TASK DIRECTIONS » A faithful copy of the entries is required, with no images in it.
[[ INPUT open ]]
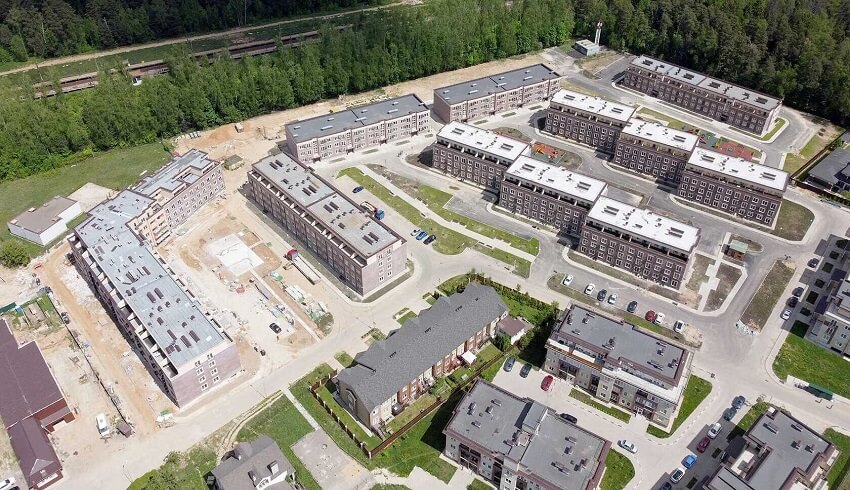 Eva Anjelina lablari bilan katta xorozni soradi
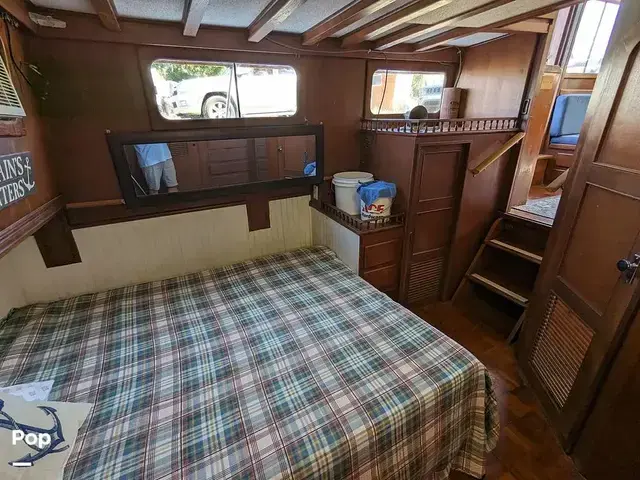 Trader 40 Double Cabin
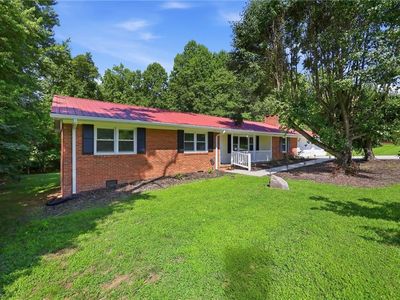 7106 Waterbury Dr, High Point, NC, 27263
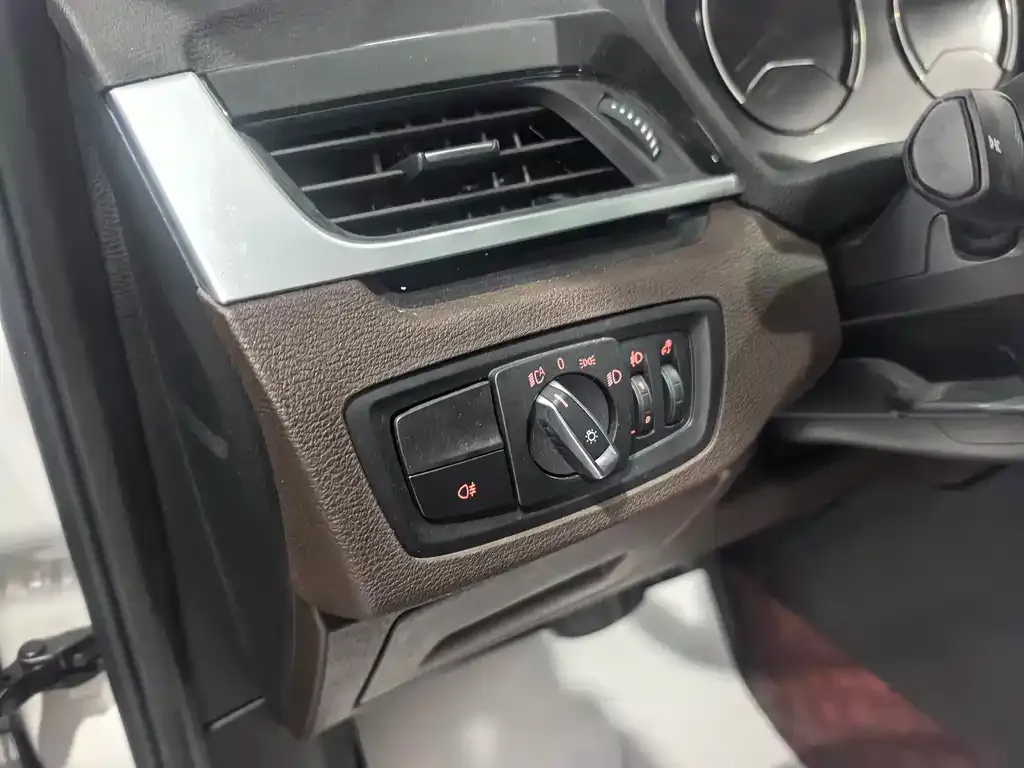 BMW X1 2021 из CN, фото 10
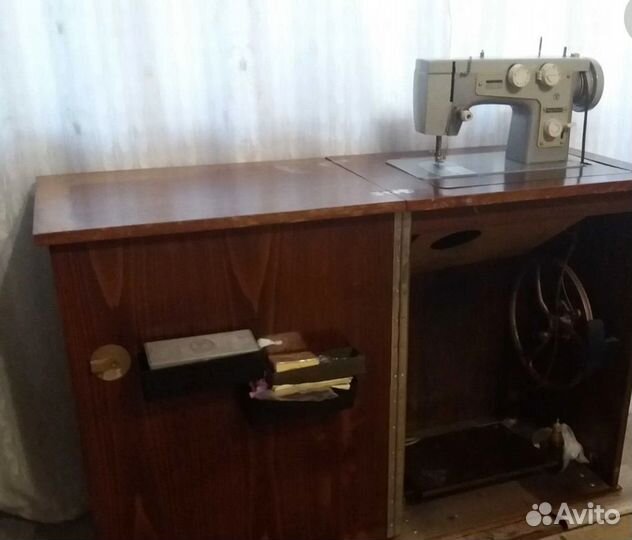 Швейная машина Чайка 2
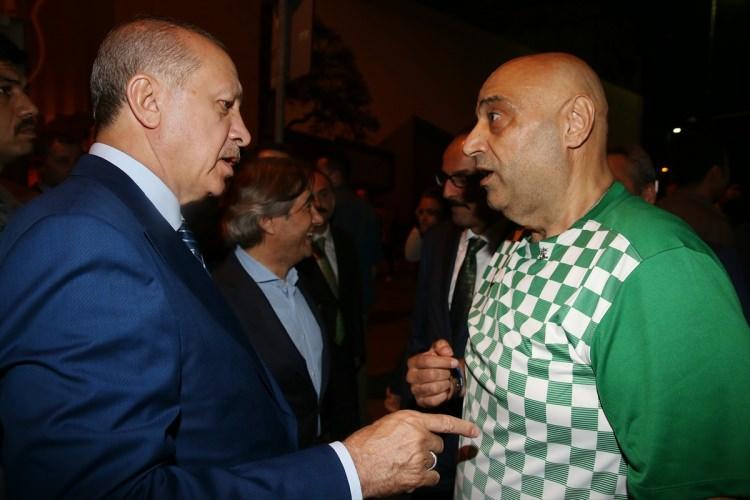 <p>Cumhurbaşkanı Erdoğan, incelemelerinin ardından buradan ayrıldı.</p>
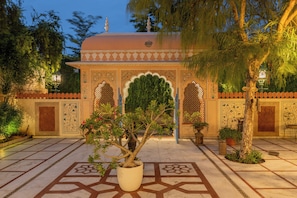 Fachada da propriedade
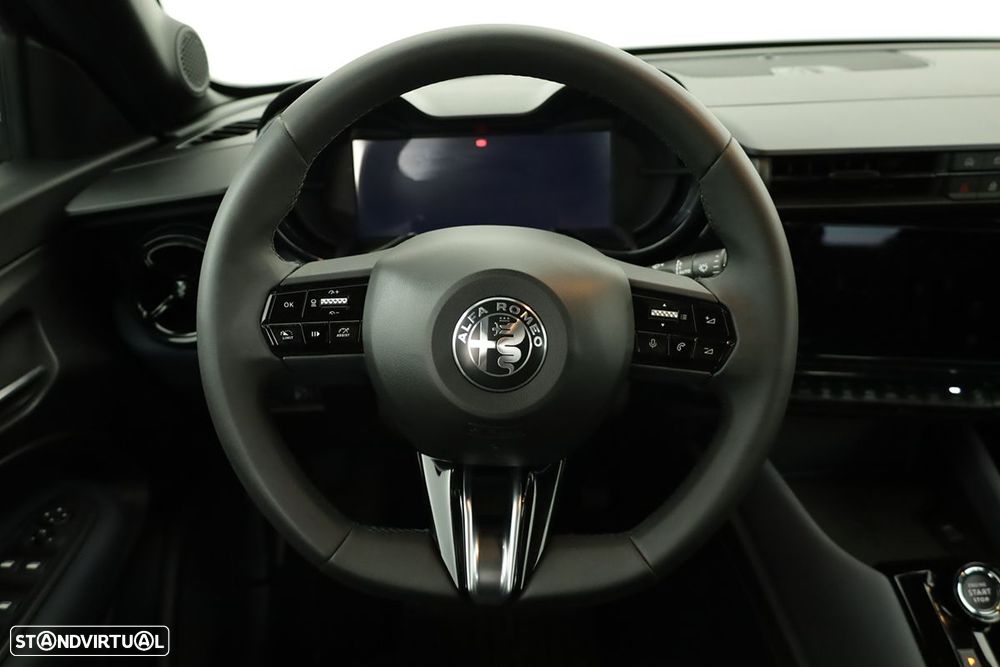 Alfa Romeo Junior Elletrica 50 kWh - 16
[[ INPUT closed ]]
THE COMPLETED TASK »
 Eva Anjelina lablari bilan katta xorozni soradi
 Trader 40 Double Cabin
 7106 Waterbury Dr, High Point, NC, 27263
 BMW X1 2021 из CN, фото 10
 Швейная машина Чайка 2
 <p>Cumhurbaşkanı Erdoğan, incelemelerinin ardından buradan ayrıldı.</p>
 Fachada da propriedade
 Alfa Romeo Junior Elletrica 50 kWh - 16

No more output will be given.